Stored data entries

********************

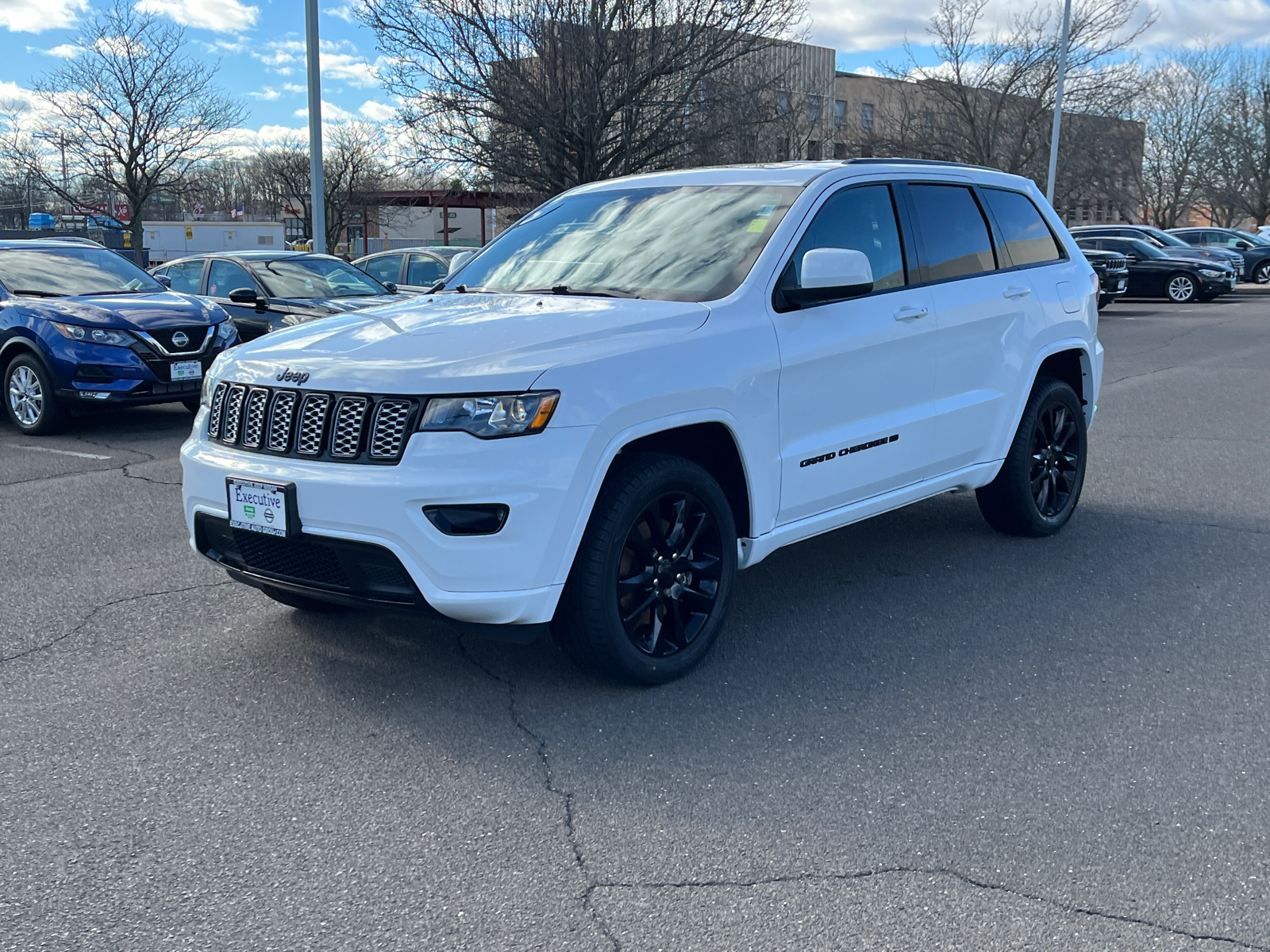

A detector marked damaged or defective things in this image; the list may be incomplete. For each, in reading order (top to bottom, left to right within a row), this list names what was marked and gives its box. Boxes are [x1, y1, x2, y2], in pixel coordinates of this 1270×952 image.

parking lot crack [0, 578, 235, 666]
parking lot crack [457, 631, 619, 952]
parking lot crack [591, 869, 1264, 946]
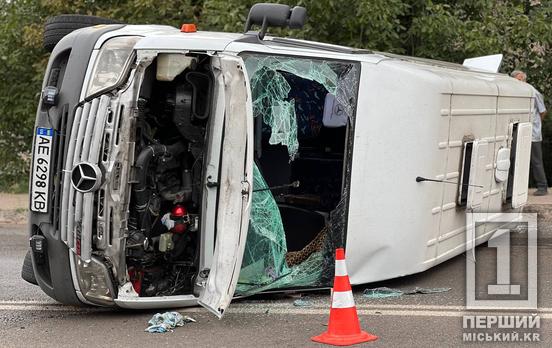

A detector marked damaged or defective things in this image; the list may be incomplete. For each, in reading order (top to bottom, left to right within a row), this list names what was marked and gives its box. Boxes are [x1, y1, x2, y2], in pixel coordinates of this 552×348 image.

shattered windshield [237, 53, 362, 294]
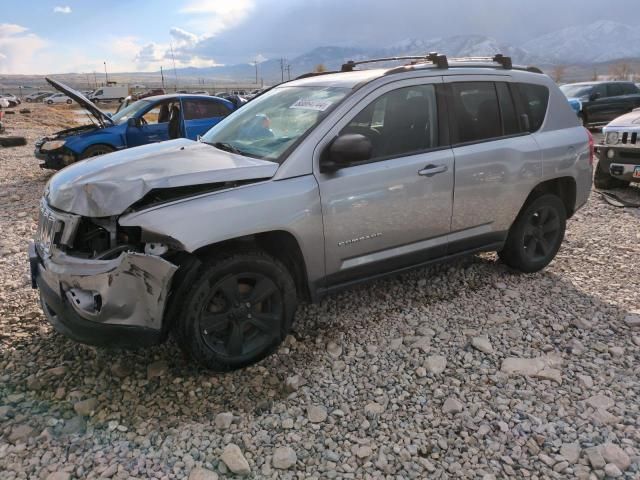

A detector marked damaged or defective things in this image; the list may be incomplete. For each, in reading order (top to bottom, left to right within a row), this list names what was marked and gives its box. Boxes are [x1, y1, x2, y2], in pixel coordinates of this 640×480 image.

crushed hood [45, 76, 113, 127]
wrecked vehicle [35, 78, 235, 170]
crushed hood [47, 137, 280, 216]
wrecked vehicle [28, 53, 592, 372]
damaged jeep compass [28, 55, 592, 372]
wrecked vehicle [596, 108, 640, 188]
crushed hood [608, 108, 640, 128]
crumpled front bumper [27, 242, 178, 346]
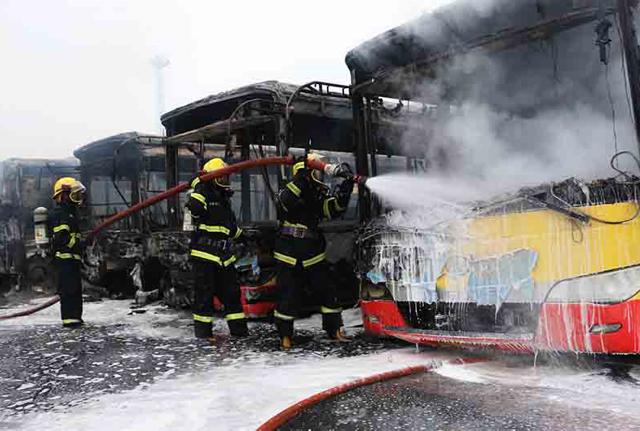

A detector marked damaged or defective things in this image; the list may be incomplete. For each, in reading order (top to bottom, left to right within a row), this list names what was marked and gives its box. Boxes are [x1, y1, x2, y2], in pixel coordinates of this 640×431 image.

charred bus [352, 0, 640, 354]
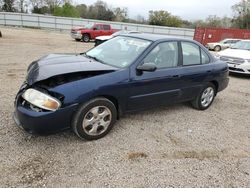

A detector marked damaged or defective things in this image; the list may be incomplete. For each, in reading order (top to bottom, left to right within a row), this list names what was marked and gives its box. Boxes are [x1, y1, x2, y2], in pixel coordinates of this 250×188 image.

********************

Copy the lines above exactly. Do not include pictures.

Exercise output ▸
A detector marked damaged or defective things in this image; the list may be incomplete. For each, in reading order (top to bottom, left to right within a row), this list names what was marked and gives its box. Boxes are [x1, y1, x2, y2], in pixel coordinates of this 1270×952 image.

parking lot crack [0, 578, 235, 666]
parking lot crack [457, 631, 619, 952]
parking lot crack [591, 869, 1264, 946]

A detector marked damaged or defective things in this image; the list may be incomplete. For each, in reading order (top to bottom, left to right within a row), this list names what was marked and gives its box. Boxes are [x1, y1, x2, y2], in pixel coordinates of this 552×348 image.

shattered windshield [237, 53, 362, 294]

A detector marked damaged or defective things in this image; the list may be incomplete. For each, in reading order (top to bottom, left to right within a row), this list names what was marked and gives its box. Boxes are [x1, y1, x2, y2], in pixel coordinates of this 640×480 image.

crushed hood [45, 76, 113, 127]
wrecked vehicle [35, 78, 235, 170]
crushed hood [47, 137, 280, 216]
wrecked vehicle [28, 53, 592, 372]
damaged jeep compass [28, 55, 592, 372]
wrecked vehicle [596, 108, 640, 188]
crushed hood [608, 108, 640, 128]
crumpled front bumper [27, 242, 178, 346]

A detector marked damaged or defective things in this image; the list may be incomplete. For each, in reading order (top to bottom, left to right within a row), this list names what was marked and gives its box. Boxes are [x1, y1, x2, y2], in pixel coordinates of this 640×431 image.

charred bus [352, 0, 640, 354]

A detector marked damaged or defective things in this image; the list may be incomplete. For each, in reading order (top to bottom, left to right within a row), this list names what was marked and gives its box. Boxes are [x1, y1, x2, y2], in pixel coordinates of this 250×188 image.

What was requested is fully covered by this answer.